TASK ITEM
Without changing a word, repeat the data, and include no pictures.

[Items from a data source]
•••••

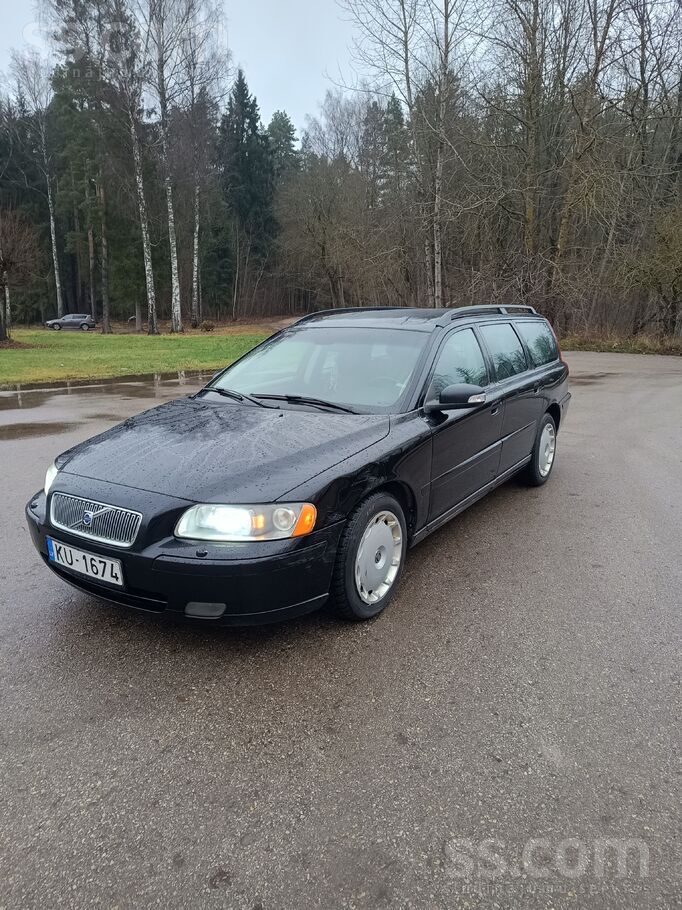 Volvo Uzticams auto- skate līdz 2026.gada oktobrim. Mašī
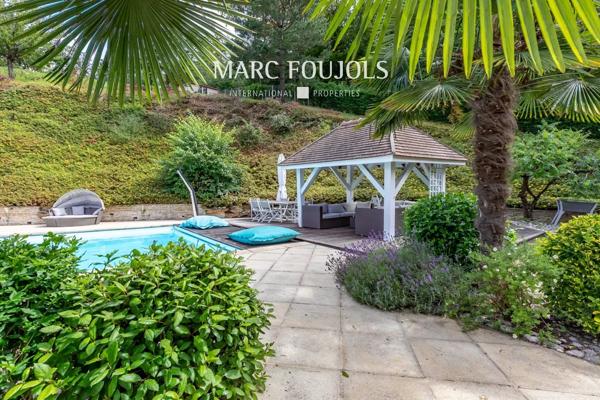Maison contemporaine en lisière de forêt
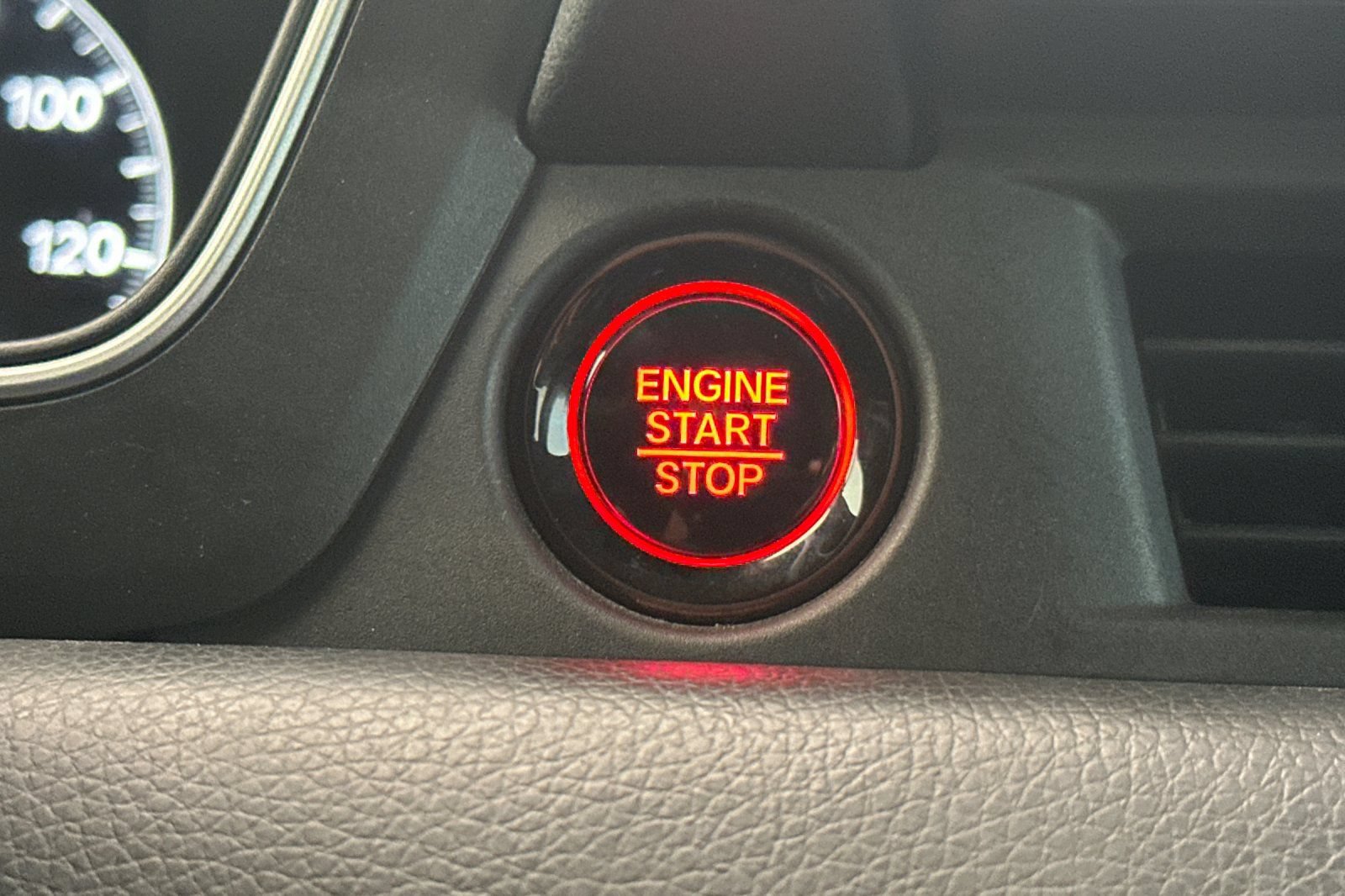 Used 2025 Honda Pilot EX-L image 21
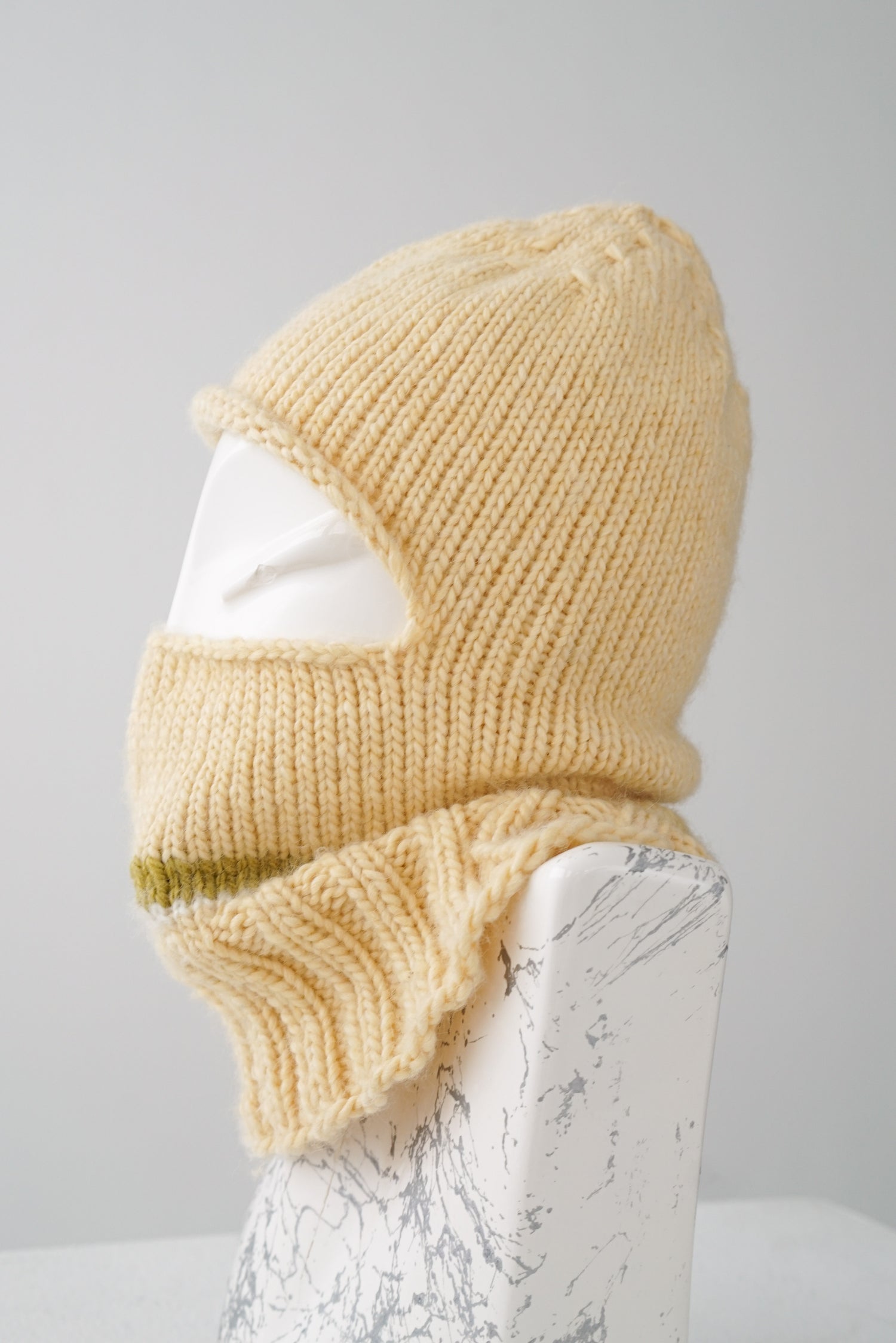 Balaclava versatile couleur crème neuf O/S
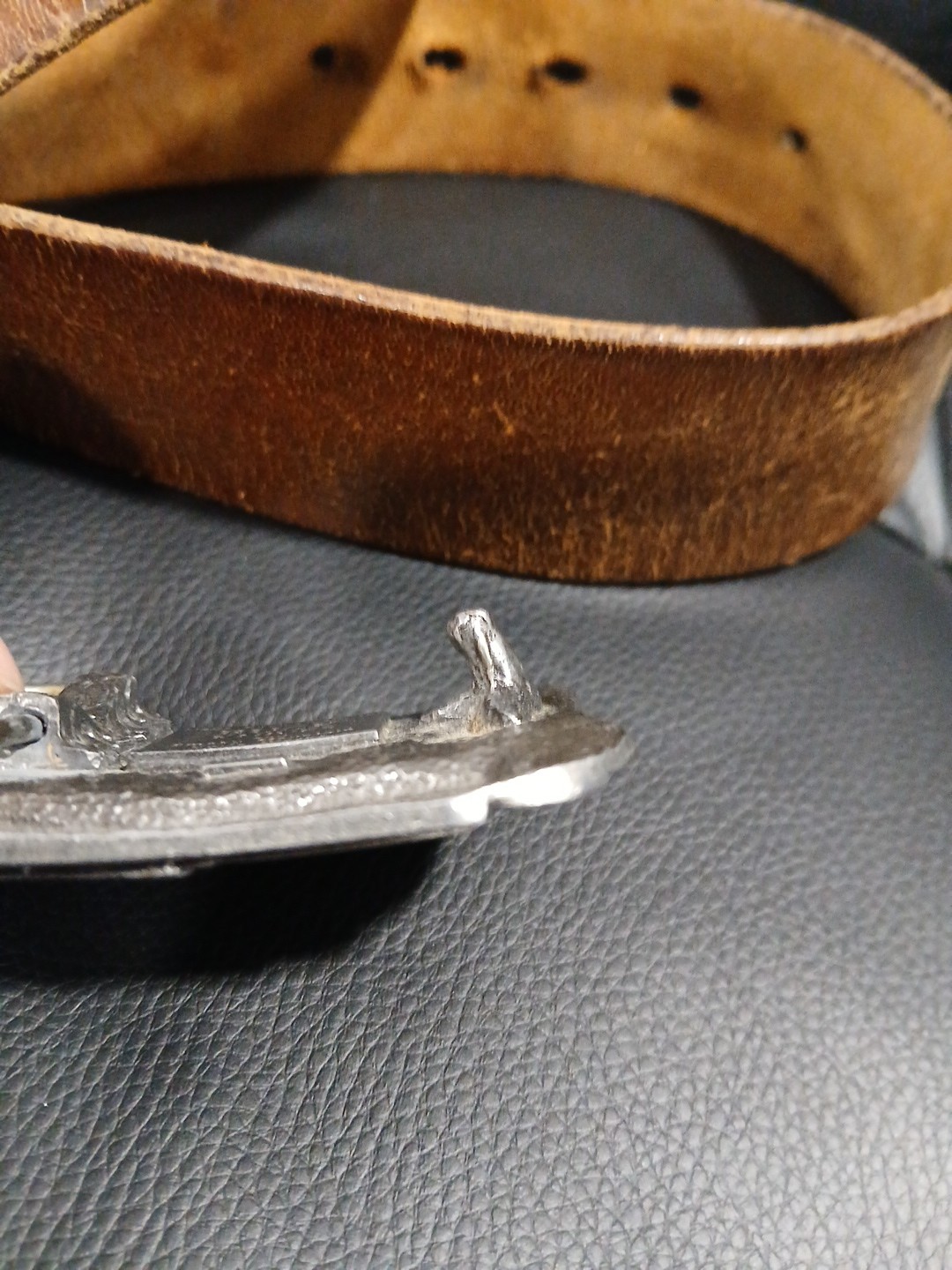 BUCK KNIVES LIMITED EDITION BELT BUCKLE – & Leather Belt VERY HEAVY – GW8
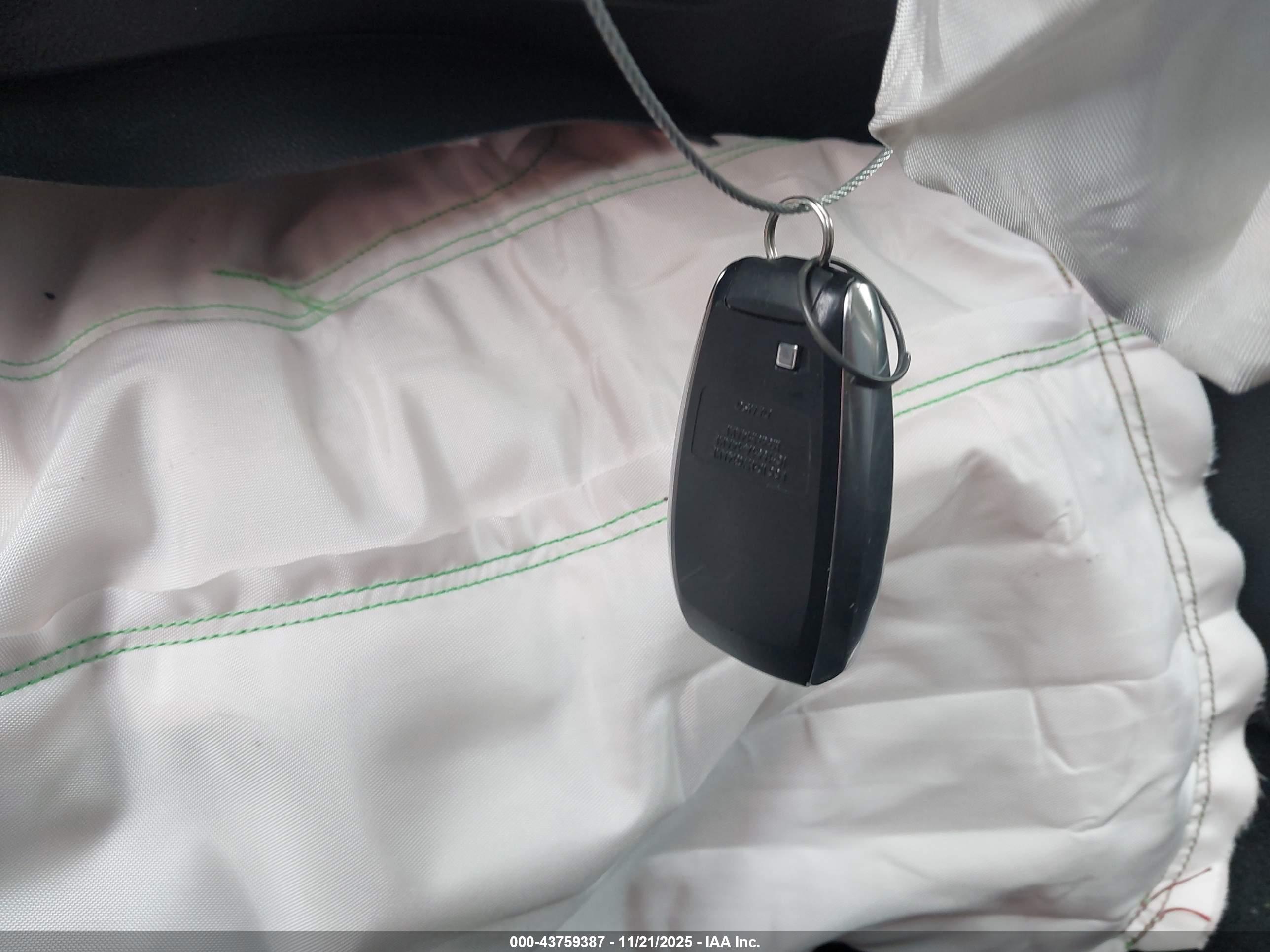 SUBARU FORESTER image 11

•••••

ANSWER SPACE
 Volvo Uzticams auto- skate līdz 2026.gada oktobrim. Mašī
Maison contemporaine en lisière de forêt
 Used 2025 Honda Pilot EX-L image 21
 Balaclava versatile couleur crème neuf O/S
 BUCK KNIVES LIMITED EDITION BELT BUCKLE – & Leather Belt VERY HEAVY – GW8
 SUBARU FORESTER image 11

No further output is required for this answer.